A sense of place: Recalling buildings that have changed or vanished over time
Sometimes, the face is familiar.
Other times, the place is familiar.
People in the Capital Region might remember the Fabian Plaza Theater at 617 State St. Or the Union-Fern furniture store at 260 State — both left Schenectady’s downtown scene decades ago.
The Plaza was an ornate place to watch movies, first opening during the late summer of 1931. There were seats for 2,500 people on the ground floor and balcony levels. In addition to movies, musicians from New York Philharmonic and Philadelphia orchestras performed on stage.
The theater, across from the Schenectady County Courthouse (near the current Veterans Park) was demolished in 1964. The photo was taken during the late 1940s; two 1947 films, “Good News” and “Always Together,” were featured attractions. Opera and concert baritone John Charles Thomas was the guest visitor when the camera clicked.
Union-Fern used to be a big name for furniture in Schenectady. The firm started in Troy, and opened its Schenectady business in 1921. By the mid-1950s, there were 13 Union-Fern stores operating in New York and New England. By 1961, the company had closed its Schenectady, Albany, Amsterdam and Troy stores and announced plans to open a central store in Menands.
During its glory days, Union-Fern ran a daytime Christmas parade in downtown Schenectady during the late 1940s. For the 1948 edition, 35 giant balloons were the stars of the shows.
Other Schenectady buildings remain. The First United Methodist Church at State and Lafayette Streets is a longtime landmark. People always spot the 190-foot-tall steeple at 603 State St.; the current building is the third since First United’s first congregation met in 1789.
The Ritz Restaurant building still stands on Van Vranken Avenue. It last operated as R.J.’s Ritz Terrace.
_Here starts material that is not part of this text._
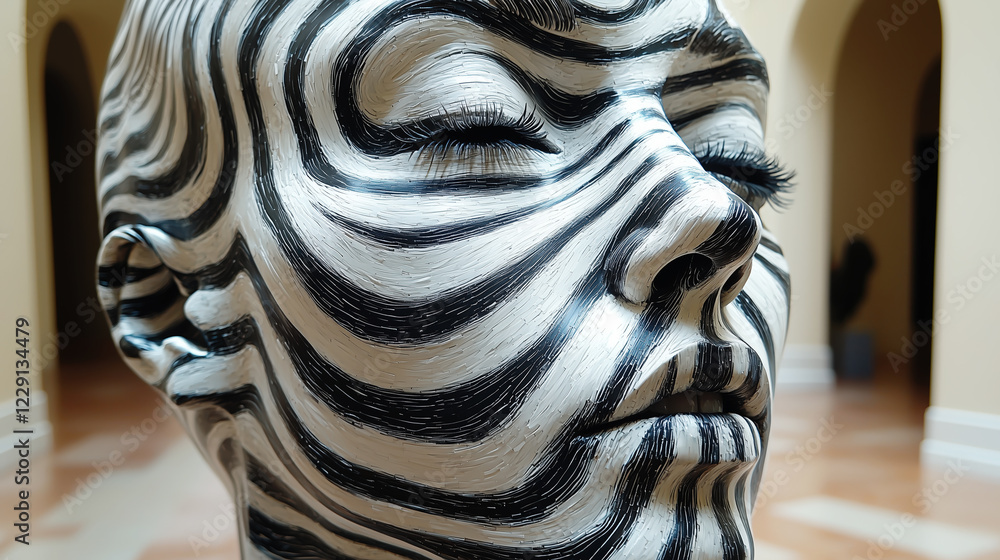 Poster sculpted face with black and white flowing stripe patterns in gallery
The Pattersonville Furniture Store remains open on Route 5S. Clyde and Reba Stein opened the business in 1936, and the couple’s daughter Patricia and her husband Wallace McKee took over the business in 1968. The McKees’ nephew Greg Welsh and his wife, Betsy, have run the business since 1994.
Welsh said the Tydol “Flying A” service station near the furniture store was run by Clyde Miller, the nephew of Clyde Stein. “They were in the same building at the same time,” Welsh said of the Stein and Miller arrangement.
The station was in operation for many years until it moved to another location on Route 5S — the current site of the Mobil service station in Pattersonville.